Data for analysis -

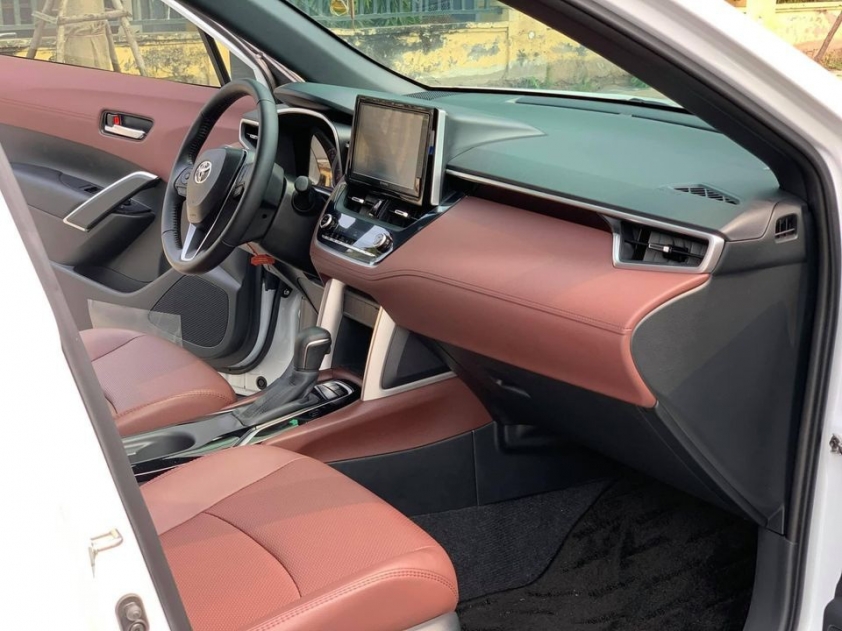 toyota-corolla-cross-2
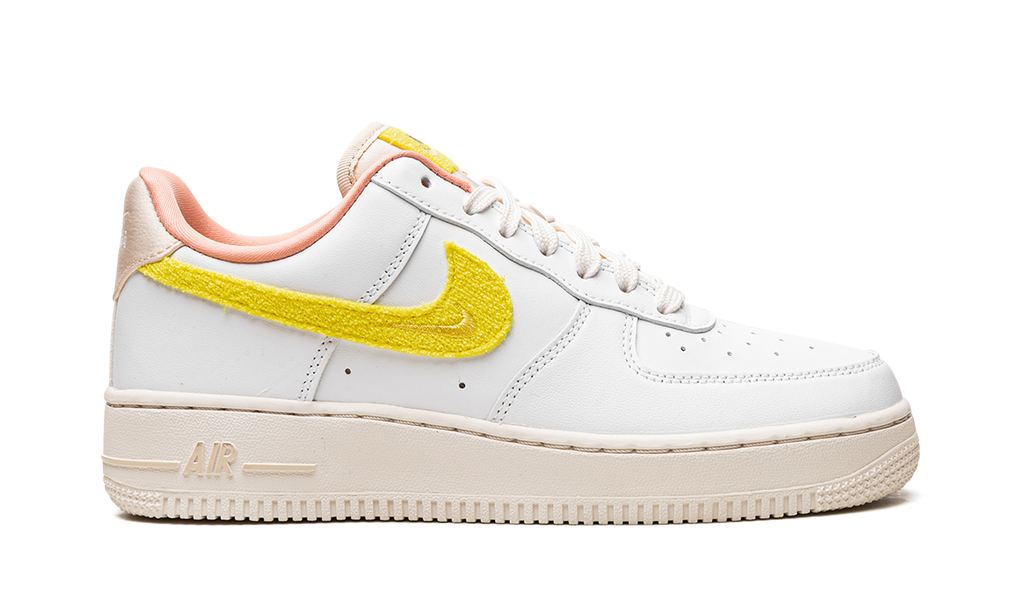 Nike AIR FORCE 1 '07 LX WMNS DV2183 100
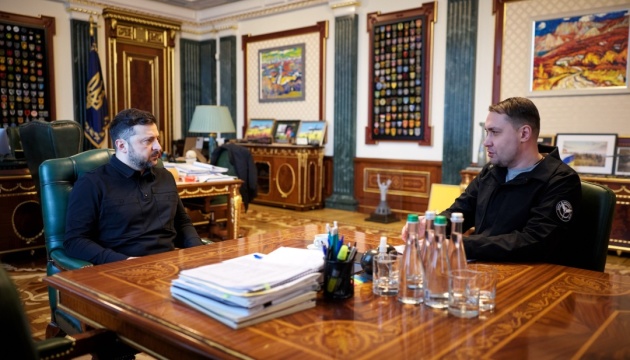  Зеленський обговорив з Будановим пріоритети роботи Офісу Президента 
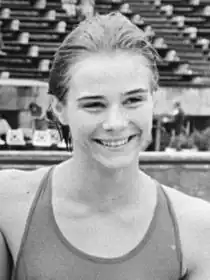 Schwarzweißfoto von Zipperling, zu erkennen sind Kopf und Schulter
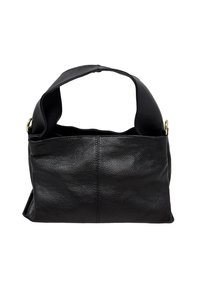 Czarna torebka ze skóry z fakturą, z szerokim paskiem i złotymi metalowymi pierścieniami po obu stronach, prezentowana na białym tle.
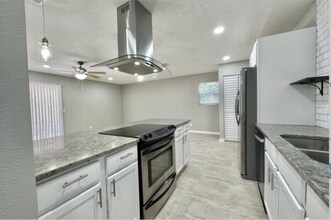 2235 Looking Glass Ln in Jacksonville, FL - Building Photo - Building Photo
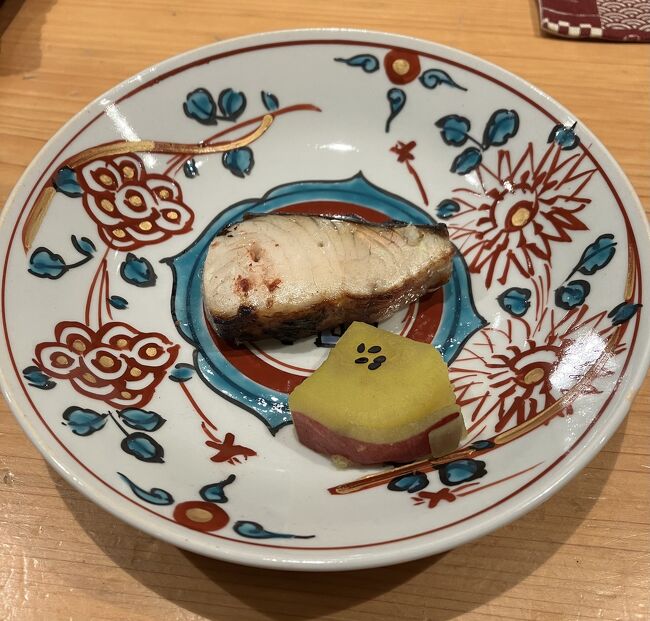 焼物はさわらの酒盗焼きに黄金芋<br /><br />塩の代わりに酒盗で味付け<br /><br />唸るしか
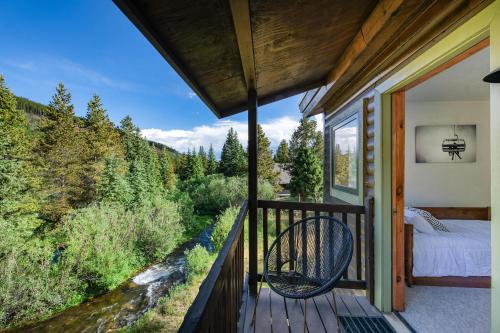 Cabin On The Blue Home: On River, Hot Tub, Views in Blue River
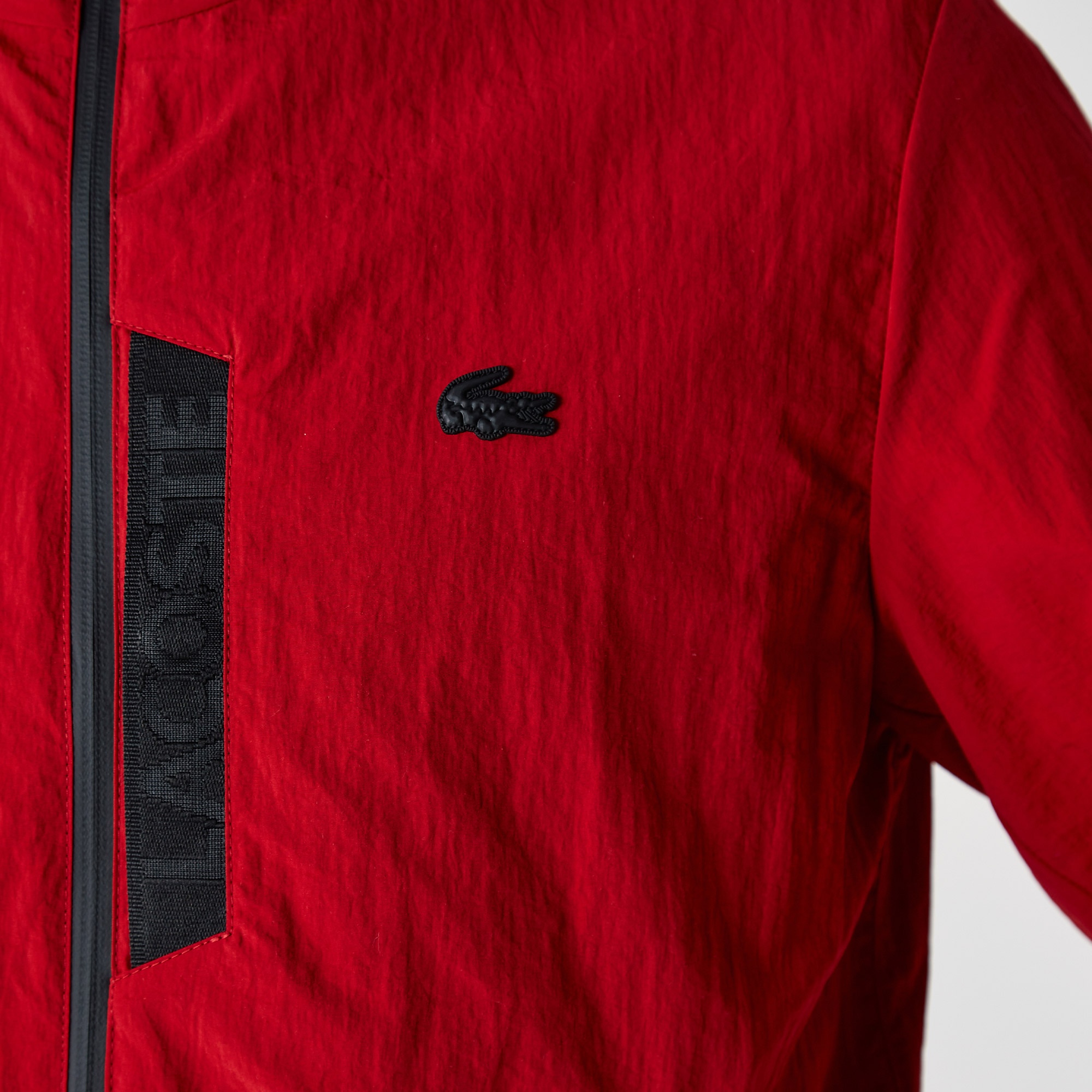 Lacoste Erkek Kapüşonlu Suya Dayanıklı Kırmızı Yağmurluk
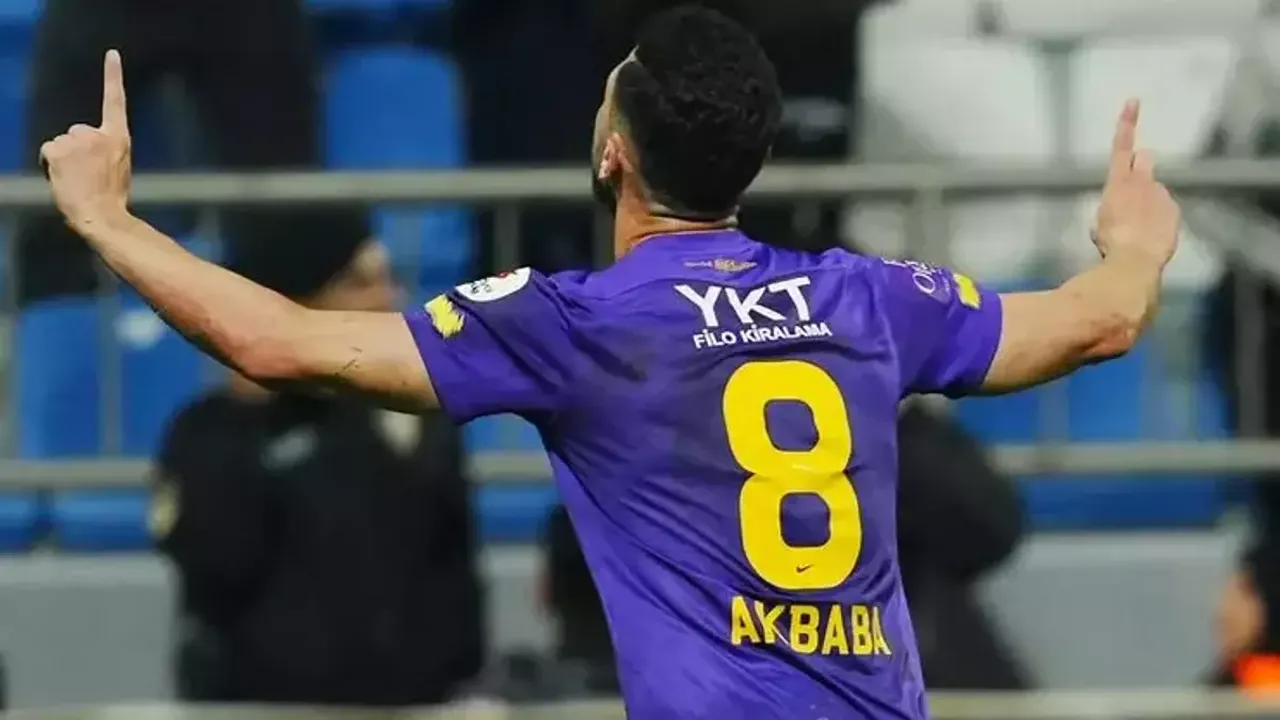 Emre Akbaba Bursaspor’a İmzayı Atıyor! Yeni Macera Başlıyor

Work instruction - Repeat all of the data above word for word, minus the pictures.

Written response -
 toyota-corolla-cross-2
 Nike AIR FORCE 1 '07 LX WMNS DV2183 100
  Зеленський обговорив з Будановим пріоритети роботи Офісу Президента 
 Schwarzweißfoto von Zipperling, zu erkennen sind Kopf und Schulter
 Czarna torebka ze skóry z fakturą, z szerokim paskiem i złotymi metalowymi pierścieniami po obu stronach, prezentowana na białym tle.
 2235 Looking Glass Ln in Jacksonville, FL - Building Photo - Building Photo
 焼物はさわらの酒盗焼きに黄金芋<br /><br />塩の代わりに酒盗で味付け<br /><br />唸るしか
 Cabin On The Blue Home: On River, Hot Tub, Views in Blue River
 Lacoste Erkek Kapüşonlu Suya Dayanıklı Kırmızı Yağmurluk
 Emre Akbaba Bursaspor’a İmzayı Atıyor! Yeni Macera Başlıyor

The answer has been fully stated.